本書で語られているのは、一口に言えば「手紙の書き方」。それゆえ、どちらかと言うとブログや論文といった長文よりも、ビジネスメールやSNSの使い方につながる指摘が多いように思います。本書に書かれた “一寸したこと” を意識するだけで、いとも容易く人生は変わる。
【6位】あなたの話はなぜ「通じない」のか/山田ズーニー
3月に読んだ、山田ズーニーさんの人気本。例年ならばもっとコミュニケーション云々の本を読んでいてもおかしくないのに、2016年はこちらの一冊くらいしか読まなかったような気がする。言い換えると、それほどまでに斟酌して納得できる内容だった、とも。
発売は2006年ながら、まるでその後のSNS全盛の時代を見据えていたかのような「メディア力」という言葉がキーワード。実際、対面コミュニケーションのみならずネット上でのやり取りや情報発信にもそのまま当てはまりそうな内容で、いろいろな面で参考になりました。
【5位】文章は接続詞で決まる/石黒圭
先ほどの『新しい文章力の教室』『十頁だけ読んでごらんなさい(略)』に続く、「文章術」の関連本。2016年に書いた書評記事のなかでも特にブックマークが集まったこともあり、多くの人に買っていただいたのかもしれません。
ほかの記事でも書きましたが、僕自身、それなりに影響を受けた本。文章のハウツー本のなかでも「接続詞」に絞って論じられた内容ということで、日常的に実践しやすかったんじゃないかしら。巻末には索引も用意されている親切設計なので、手元に置いておきたい一冊です。
【4位】23歳ゆとり、1年半で会社を辞めました/けいろー
2015年夏にノリで作ってみた電子書籍。相も変わらず雑な表紙がこっ恥ずかしいものの、それなりに買って読んでいただけているようで、本当に嬉しいかぎりです。
さすがに最近は売り上げも落ちてきて、ここ数ヶ月は月に10冊売れないくらい。Kindle Unlimitedでダウンロードされている形跡も見受けられるものの――月の収入は、小学生のおこづかいほどといったところでしょうか。暇があれば、また別に出版してみたい気もする。
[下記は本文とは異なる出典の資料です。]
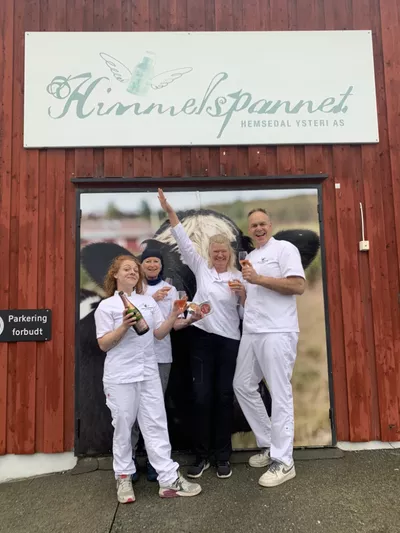 Mennesker som smiler til kamera, foran inngangen på himmelspannet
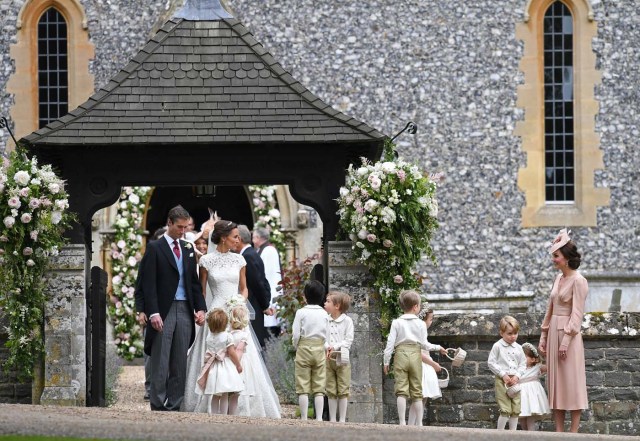 Britain's Catherine, Duchess of Cambridge stands with her children Prince George and Princess Charlotte, following the wedding of her sister Pippa Middleton to James Matthews at St Mark's Church in Englefield, west of London, on May 20, 2017. REUTERS/Justin Tallis/Pool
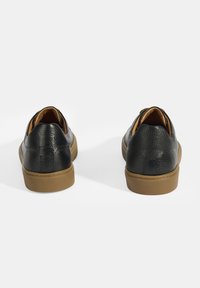 Baskets noires avec un dessus en cuir texturé, semelles en caoutchouc beige et un design sans lacets avec un dos bas.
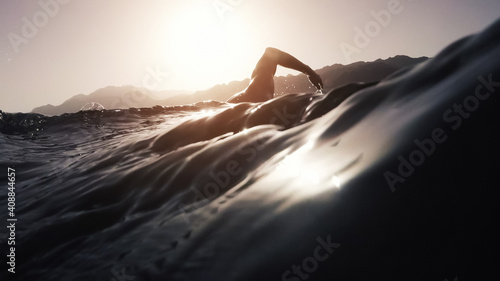 Athletic young man swimming at sea. Professional triathlon swimmer in ocean water. Young man athlete practicing at open water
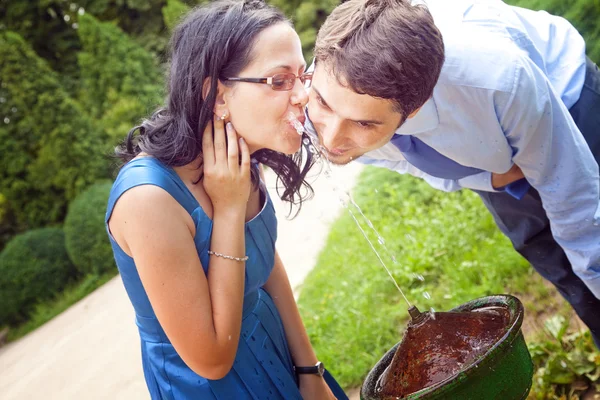 Happy romantic couple drinking water from park fountain — Stock Photo, Image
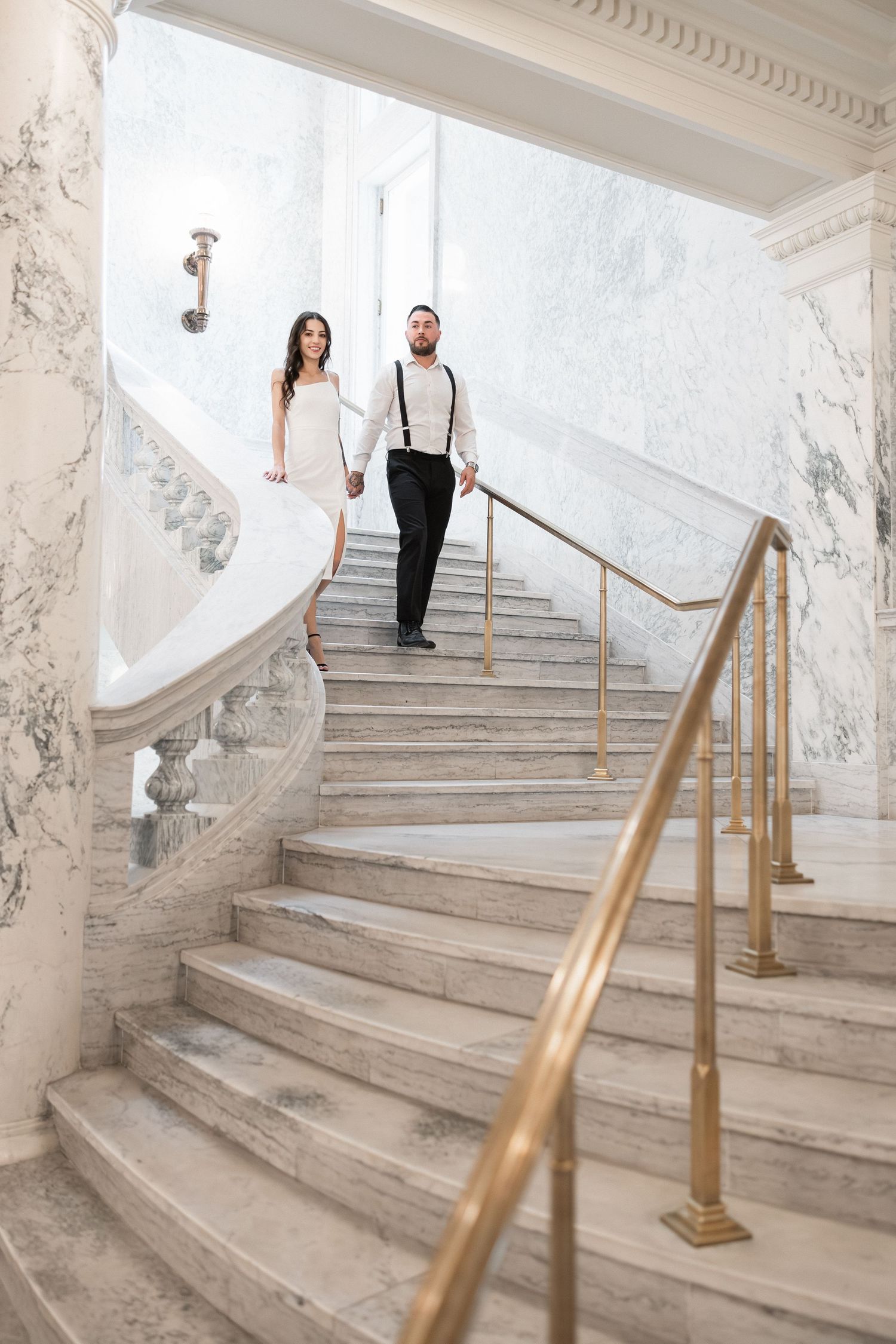 A couple descends a grand marble staircase in formal attire at an elegant venue.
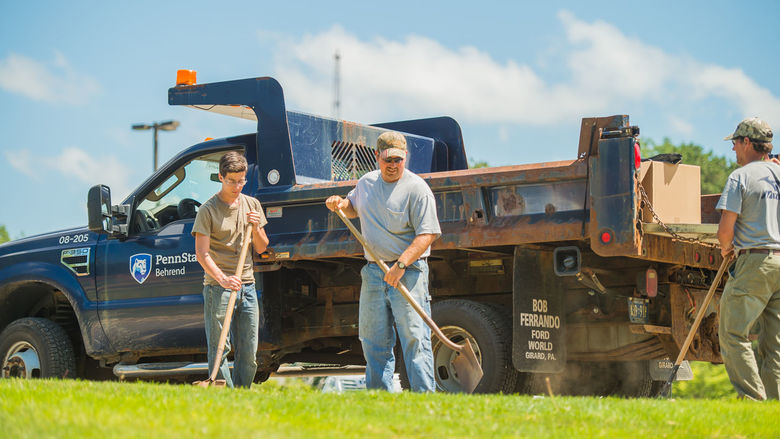 Penn State Behrend Maintenance and Operations staff work outdoors to keep the campus beautiful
【3位】君の名は。 Another Side:Earthbound/加納新太
Kindle版ではなく、紙の本がやたらと売れていた一冊。世界的ですもんね。乗るしかない、このビッグウェーブに。映画『君の名は。』の外伝であり、乳に始まり、父に終わる短編集。
本作の魅力はなんぞと言えば、単なる「本編を補完する外伝小説」以上の、「本編に別視点と新たな文脈を加える設定本」になっている点だと思う。本書を読んでから映画を改めて観ることで、『君の名は。』世界がより魅力的に感じられる内容。すべては乳と父の御業よ……。
【2位】なぜ、この人と話をすると楽になるのか/吉田尚記
感想記事を書いたのは2015年の4月であるにも関わらず、よく売れている一冊。2015年末のまとめ記事でプッシュしたのと(関連:2015年発売の30冊!おすすめ本のジャンル別まとめ)、何度かKindleストアのセール対象になっていた影響が大きいかも。
筆者は、自分のなかでは “ひらがなの方のよっぴー” こと、アナウンサーの吉田尚記さん。コミュニケーションをゲームに例えた切り口は非常に読みやすく、実例を交えた話題展開もわかりやすい。ちょうど今、Kindleストアで半額近い値段で買えるようなので、興味のある方はどうぞ。
【1位】世界を変えた10冊の本/池上彰
堂々の1位は、池上彰さんの『世界を変えた10冊の本』。こちらもブログで取り上げたのは2015年ですが、やはり何度かKindleストアのセール対象本になっていたようなので……。ちなみに、2位との売上数の差は1冊でした。
感想記事でも書いていますが、僕自身はこの “10冊” のうち1冊たりともまともに読んだことがなかったため、「知らねえ! けどおもしれえ!」という流れで感想をまとめた感じです。その後、『アンネの日記』をパラ読みしていますが――たしかにこれは、前提を知ってから読むとおもしれえ! 手を出しづらい名著について、池上さんが「読み方」を教えてくれる本です。